Banking on Zurich: Softwired's JMS-Mobile Connection
12/16/2001
By Michael Jay Tucker
When you think of Zurich, what comes to mind? Banking "gnomes" scurrying to service the secret bank accounts of international criminals? Or perhaps milk chocolate that's to die for?
Okay. Now scrap all that. Instead, think of a new, aggressive, technically sophisticated high-tech company that's taking on Sonic Software and Fiorano Software in the JMS space, and making a name for itself in the JMS-based mobile middleware market. That's Softwired.
"We are pretty much the only pure JMS play in the heart of Europe," says the company's CEO, Henry Wild, Ph.D. He says this, ironically, in an Australian accent--evidence of Softwired's being a very multi multinational company. It is based in Switzerland, just opened offices in Chicago and does business in American, Europe and Asia.

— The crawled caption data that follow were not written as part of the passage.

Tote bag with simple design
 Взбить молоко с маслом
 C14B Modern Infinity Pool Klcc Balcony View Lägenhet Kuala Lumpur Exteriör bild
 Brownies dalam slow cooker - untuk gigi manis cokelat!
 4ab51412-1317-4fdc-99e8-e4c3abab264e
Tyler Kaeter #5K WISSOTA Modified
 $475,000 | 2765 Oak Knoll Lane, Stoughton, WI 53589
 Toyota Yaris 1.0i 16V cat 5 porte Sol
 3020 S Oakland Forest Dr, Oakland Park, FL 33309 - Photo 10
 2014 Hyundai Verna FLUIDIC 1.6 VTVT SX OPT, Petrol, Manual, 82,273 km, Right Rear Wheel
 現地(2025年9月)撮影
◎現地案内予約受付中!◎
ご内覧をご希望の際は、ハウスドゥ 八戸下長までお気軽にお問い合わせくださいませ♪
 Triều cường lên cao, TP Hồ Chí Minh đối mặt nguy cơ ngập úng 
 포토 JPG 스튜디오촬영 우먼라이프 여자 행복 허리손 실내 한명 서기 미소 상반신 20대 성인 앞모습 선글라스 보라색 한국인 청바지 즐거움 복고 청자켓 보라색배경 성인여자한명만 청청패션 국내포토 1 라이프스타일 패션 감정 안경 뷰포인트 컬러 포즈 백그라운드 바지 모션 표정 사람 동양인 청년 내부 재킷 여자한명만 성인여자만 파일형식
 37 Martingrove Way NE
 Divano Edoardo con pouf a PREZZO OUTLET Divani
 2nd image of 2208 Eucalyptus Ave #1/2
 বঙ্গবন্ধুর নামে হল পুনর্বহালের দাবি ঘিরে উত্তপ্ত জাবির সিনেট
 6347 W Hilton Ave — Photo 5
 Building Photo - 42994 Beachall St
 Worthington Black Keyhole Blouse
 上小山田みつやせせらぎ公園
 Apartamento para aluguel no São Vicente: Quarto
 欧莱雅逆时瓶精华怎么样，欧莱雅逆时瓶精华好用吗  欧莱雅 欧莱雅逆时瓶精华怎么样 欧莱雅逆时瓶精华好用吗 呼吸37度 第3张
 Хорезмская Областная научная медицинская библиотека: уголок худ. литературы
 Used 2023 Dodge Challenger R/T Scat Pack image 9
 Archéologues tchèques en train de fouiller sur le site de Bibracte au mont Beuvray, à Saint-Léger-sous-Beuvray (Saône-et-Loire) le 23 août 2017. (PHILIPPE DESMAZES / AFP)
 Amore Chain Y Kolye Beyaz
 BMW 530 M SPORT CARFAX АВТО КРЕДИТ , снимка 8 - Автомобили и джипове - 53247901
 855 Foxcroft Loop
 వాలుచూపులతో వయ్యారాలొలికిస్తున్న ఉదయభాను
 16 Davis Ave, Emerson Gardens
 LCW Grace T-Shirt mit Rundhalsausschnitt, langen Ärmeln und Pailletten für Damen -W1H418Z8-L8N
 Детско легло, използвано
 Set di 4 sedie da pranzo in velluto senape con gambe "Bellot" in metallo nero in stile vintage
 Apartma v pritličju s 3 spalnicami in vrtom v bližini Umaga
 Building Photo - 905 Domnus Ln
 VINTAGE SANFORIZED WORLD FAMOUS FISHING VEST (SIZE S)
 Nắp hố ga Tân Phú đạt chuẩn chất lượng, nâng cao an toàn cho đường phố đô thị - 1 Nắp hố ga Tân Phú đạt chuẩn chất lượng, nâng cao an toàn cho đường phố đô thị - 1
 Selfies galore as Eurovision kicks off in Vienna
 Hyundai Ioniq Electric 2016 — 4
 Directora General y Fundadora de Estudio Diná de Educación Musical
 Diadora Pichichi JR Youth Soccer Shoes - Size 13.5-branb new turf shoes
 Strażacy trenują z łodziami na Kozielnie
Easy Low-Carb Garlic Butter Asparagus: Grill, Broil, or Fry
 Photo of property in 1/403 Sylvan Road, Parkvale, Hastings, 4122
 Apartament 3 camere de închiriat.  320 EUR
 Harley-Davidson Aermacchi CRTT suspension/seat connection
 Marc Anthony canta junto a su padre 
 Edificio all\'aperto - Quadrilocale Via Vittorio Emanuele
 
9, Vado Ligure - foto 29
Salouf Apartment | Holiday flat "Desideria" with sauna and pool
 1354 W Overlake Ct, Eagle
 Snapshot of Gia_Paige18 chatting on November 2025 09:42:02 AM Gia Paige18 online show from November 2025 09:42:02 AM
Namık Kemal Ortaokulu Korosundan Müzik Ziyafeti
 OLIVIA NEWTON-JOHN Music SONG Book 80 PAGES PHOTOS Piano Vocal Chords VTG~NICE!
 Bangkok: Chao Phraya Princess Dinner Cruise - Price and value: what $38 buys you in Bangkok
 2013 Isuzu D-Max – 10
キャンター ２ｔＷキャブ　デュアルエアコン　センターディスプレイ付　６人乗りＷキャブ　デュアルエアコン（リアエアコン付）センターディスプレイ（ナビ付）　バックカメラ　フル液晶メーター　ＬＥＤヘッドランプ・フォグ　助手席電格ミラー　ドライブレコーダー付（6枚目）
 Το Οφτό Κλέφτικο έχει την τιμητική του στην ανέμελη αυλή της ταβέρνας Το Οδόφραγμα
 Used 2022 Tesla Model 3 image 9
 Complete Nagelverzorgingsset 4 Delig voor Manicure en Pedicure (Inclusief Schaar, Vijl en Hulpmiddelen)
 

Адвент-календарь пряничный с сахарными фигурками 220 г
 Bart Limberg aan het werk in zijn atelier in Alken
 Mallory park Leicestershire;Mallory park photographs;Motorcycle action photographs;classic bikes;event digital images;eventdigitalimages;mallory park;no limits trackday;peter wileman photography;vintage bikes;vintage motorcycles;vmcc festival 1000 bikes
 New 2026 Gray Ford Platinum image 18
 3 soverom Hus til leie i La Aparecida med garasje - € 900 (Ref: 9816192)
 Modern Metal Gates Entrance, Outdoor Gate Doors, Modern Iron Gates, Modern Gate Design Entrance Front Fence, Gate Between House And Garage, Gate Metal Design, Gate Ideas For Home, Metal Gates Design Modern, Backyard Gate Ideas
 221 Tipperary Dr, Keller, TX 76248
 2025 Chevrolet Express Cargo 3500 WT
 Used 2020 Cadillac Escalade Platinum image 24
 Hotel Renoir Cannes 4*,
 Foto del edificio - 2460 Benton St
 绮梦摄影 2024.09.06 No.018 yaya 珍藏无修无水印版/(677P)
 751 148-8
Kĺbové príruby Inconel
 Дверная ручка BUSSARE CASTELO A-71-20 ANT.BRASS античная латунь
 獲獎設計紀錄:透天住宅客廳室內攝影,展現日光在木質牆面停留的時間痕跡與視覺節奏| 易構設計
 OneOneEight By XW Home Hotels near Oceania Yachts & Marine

"The company got its start in 1997 when the current CTO, Dr. Silvano Maffeis, joined what was then a consulting firm," Wild notes. Maffeis had brought with him iBus, a distributed IP multicast JMS middleware platform. The company says iBus is high-speed and server-free, uses the JMS API and supports IP multicast. The company founders took one look at it and decided their consulting days were through.
Since '97, the company has been offering iBus in a number of forms and in direct competition with the likes of Sonic and Fiorano. It says, in fact, that its customers and partners include such big names as eBay, UBS, the U.S. Air Force, Tallán, Xerox, Northrop Grumman and LivePerson.
iBus's attractiveness, says Wild, lies not in the fact that it is just another JMS platform. Rather, he says, iBus is an extremely portable creature. "The need we saw was to be able to provide a middleware platform that transcended the Internet," he says. "[One] that would be able to support the extranet and mobile devices."
It's in mobile that Softwired really sees its future. In an age when cell phones and personal digital assistants (PDAs) and the ever-growing number of other WAP-enabled devices are all trying to link to the wireless Web, the company thinks iBus will be a natural.
"We think wireless is coming," Wild says. "And with it, the applications that will need iBus." He claims his company is the only one that can really provide mobile JMS at the moment. "There are people who are promising to do it," he says. "But no one actually has product."